[Orca-users] RE[2]: Apache access_log is a symbolic link

Rusty Carruth rcarruth at tempe.tt.slb.com
Thu Jan 31 06:58:42 PST 2002


dtitzer at servicebench.com wrote:
>  
> The "cronolog" utility is configured into the Apache config file as a piped
> command instead of a path to the log file. The cronolog utility watches the
> size of the log file, the date/time, etc., and rolls over to a new file.
> Before, it was necessary to kill Apache, move the log, then restart it. 
>  
> Cronolog is a more elegant solution, but it breaks orcallator.se's file
> watching.
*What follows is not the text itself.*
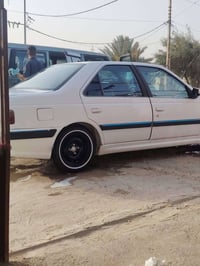 بيجو بارص • ٢٠١٥ • مكينه وجير شرط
I was able to fix the problem temporarily by restarting
> orcallator, but unless cronolog is configured to roll over by date and time
> at a particular time (and uses file size instead), I'll be unable to
> schedule an orcallator restart to continue capturing log information when
> the symbolic link target changes.
>  
> -dat
>  

Well, not technically accurate, kinda.   ;-)

You could do the kind of dumb trick I did at home when trying to keep
my internet connection up - run a cron job every <x> minutes that checks
to see if the event that you want to fixup happened, and fix it up.

Or, run a script in the background that watches for the event and
then fires up whatever.

Yes, its a hack, but at least it will work.

Something stupid like this:

#!/bin/sh

prevfile=`ls -l /the/file| awk '{print $5 " " $6 " " $7 " " $8}'`

while : ; do
	sleep 60
	nowfile=`ls -l /the/file| awk '{print $5 " " $6 " " $7 " " $8}'`
	if ("$nowfile" -ne "$prevfile) then
		do.whatever
		$prevfile="$nowfile"
	fi
done

or similar if you want a cron job (but save the 'state' in a file,
something stupid like 
	ls -l /the/file > /tmp/$$.curstuff

and use diff to compare the two files...

Dumb, but it works...

(and much easier than writing a 'reverse cronolog' program!)